Мне нужно найти мое отношение к этому, от этого получится мой основной тон. Если мое отношение к поведению воробья героическое, если я буду говорить о нем так, как о полете через полюс или о героической войне, — это будет не то… Все дело здесь в том, что такой маленький, а посмотрите, какую он проявляет громадную силу. Вот откуда, из какого отношения будет у меня верный тон. Здесь должно быть какое-то большое добродушие, удивление, что ли, перед фактом, который кажется даже забавным. Вам не может казаться забавным, если героически воюют, а здесь — как же: такой маленький черногрудый цыпленок, а лезет на собаку! Тут есть элемент забавности, и этот элемент забавности входит в ваше отношение. Если с этим сжиться, получится самый настоящий тон.
{235} Почему это важно? Я уже говорил с вами о том, что нельзя брать отдельно: «Вот я пришел сюда в комнату, чтобы согреться» — и точка. А кто я, что я делаю, зачем участвую в общем действии — это, мол, я потом разберу. Нет, это все вместе идет из зерна произведения, и это должно сразу разрабатываться в каждом стихе, в каждом прозаическом отрывке, в каждом упражнении.
Другой молодой актер читает отрывок из романа Шолохова «Поднятая целина».
— Что вы от меня хотите услышать? Прежде всего, у вас превосходная память. Это очень важно, у актера должна быть прекрасная память.
У меня осталось впечатление, что вы не очень стремились выявить свое отношение к тому, что рассказываете, старались только, чтобы просвечивало состояние Давыдова и то, что Давыдов поступил героически, самоотверженно.
— Я за Давыдова, я разделяю его судьбу, — отвечает актер.
— Это иногда доходило, — говорит Владимир Иванович, — но это еще не есть художественное чтение. Какие элементы нужны, чтобы получился художественный рассказ, а не просто рассказ? Если бы сюда пришел свидетель этой картины, он бы иначе рассказывал. А, скажем, если бы вы были свидетелем, как бы вы рассказывали? Наверно, не так, как читали.

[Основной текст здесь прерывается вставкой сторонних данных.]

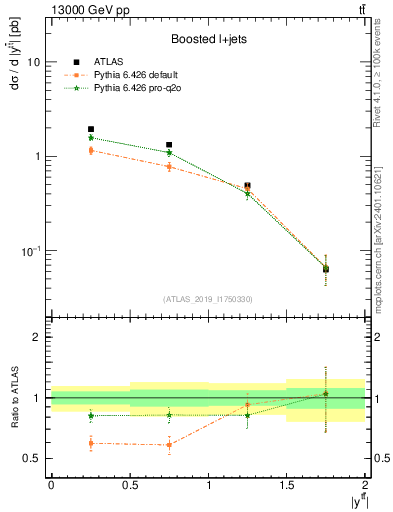 Plot of ttbar.y in 13000 GeV pp collisions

— Конечно, — оправдывается молодой актер, — если бы читал актер, как говорится, опытный, он, наверное, больше акцентировал бы то, что болеет за судьбу Давыдова. Я же стремился прочитать эту вещь иначе.
— Тут я буду с вами спорить и очень сильно, — говорит Владимир Иванович. — Если читает пусть даже очень умный, славный, благородно мыслящий человек — это одно. Но когда читает артист — это непременно другое. Иначе зачем вам нужно учиться актерскому искусству, быть беспрерывно в этой атмосфере искусства? У вас вместо художественного чтения в большой части получился доклад. И даже доклад, снимающий какие-то краски, — то ли вы опасаетесь их давать, то ли не находите нужным. Доклад — это не артистическое художественное чтение. Конечно, можно, уютно сев под лампой, вслух читать, делая верные остановки, хорошие, верные ударения. Но это не будет художественным чтением. Для такого чтения не нужно быть артистом.

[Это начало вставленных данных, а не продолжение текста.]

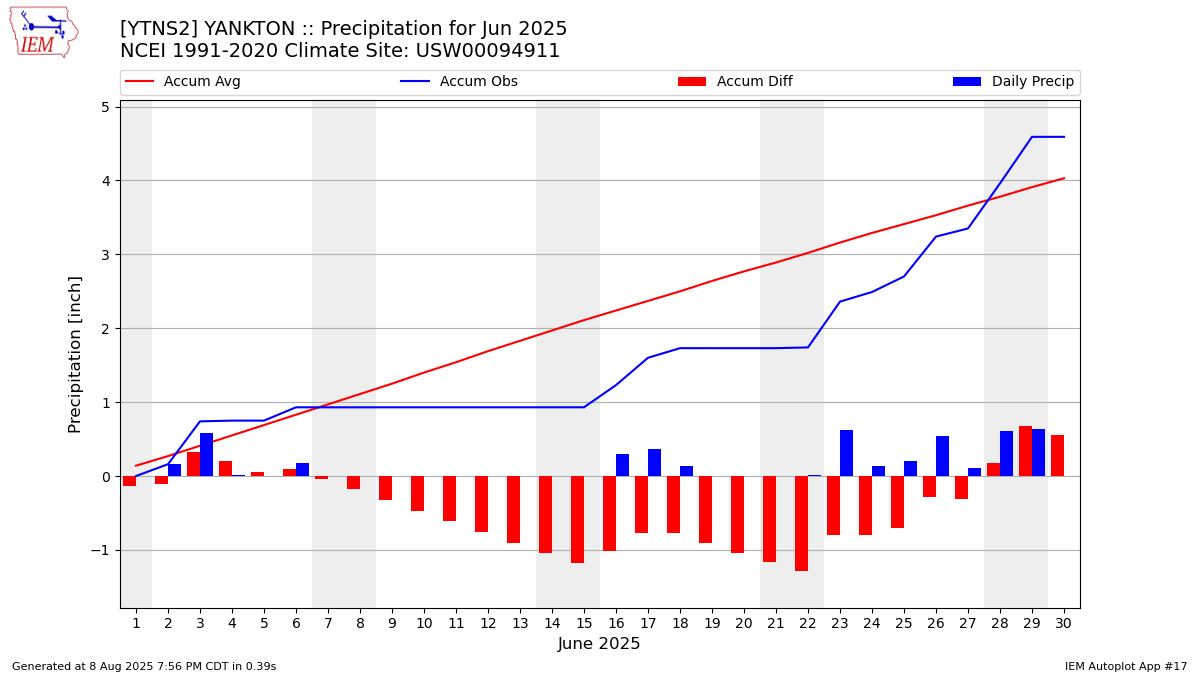 Monthly Plot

Чего я не получил от вас? Вашего отношения к
И рядом с этим — несознательные деревенские бабы, которые остервенело бросились на него. Вот из-за баб весь этот ваш рассказ — не просто рассказ о героическом поступке большевика. Вы скажете: «Но тема именно такая». А я скажу: тогда получится слишком сухая вещь, в ней не будет художественных красок, в нее не будет вложена ни эмоция артиста, ни его художественное мироощущение.

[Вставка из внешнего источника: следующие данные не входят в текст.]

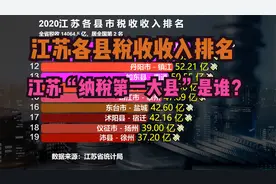 2020江苏省40个县税收收入排名，猜猜江苏“纳税第一大县”是谁？视频封面
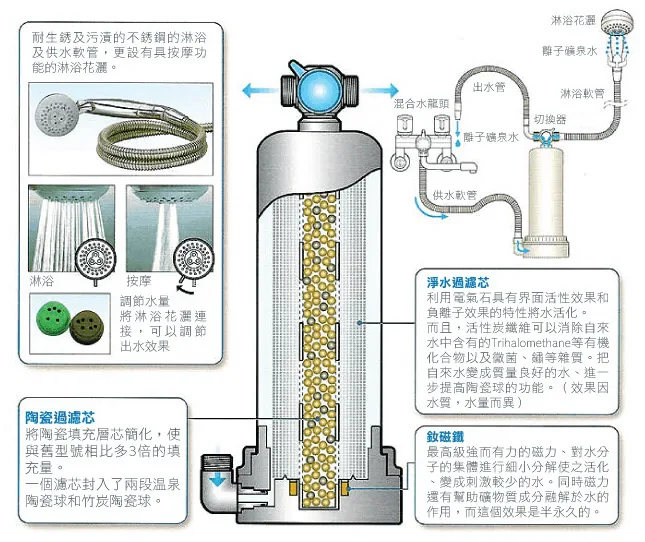 Anespa 天然礦石與溫泉成分說明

Значит, прежде всего надо понять, в чем настоящий русский героизм, выраженный здесь в простоте этого великолепного человека среди баб (это-то и смешно, что не мужики его колотили, а бабы набросились). Это героизм, смешанный с самым сильным юмором.
Так вот, вы должны охватить все художественное понимание Шолоховым этого народа. Автор делает вставку в четыре-пять строк о медвяном аромате набухающих почек тополей, который остро ощущал Давыдов. И сразу чувствуется, как автор этим уводит героя от трафаретно-плакатного героизма. Но у вас все это отсутствует, и я слушаю вас довольно холодно.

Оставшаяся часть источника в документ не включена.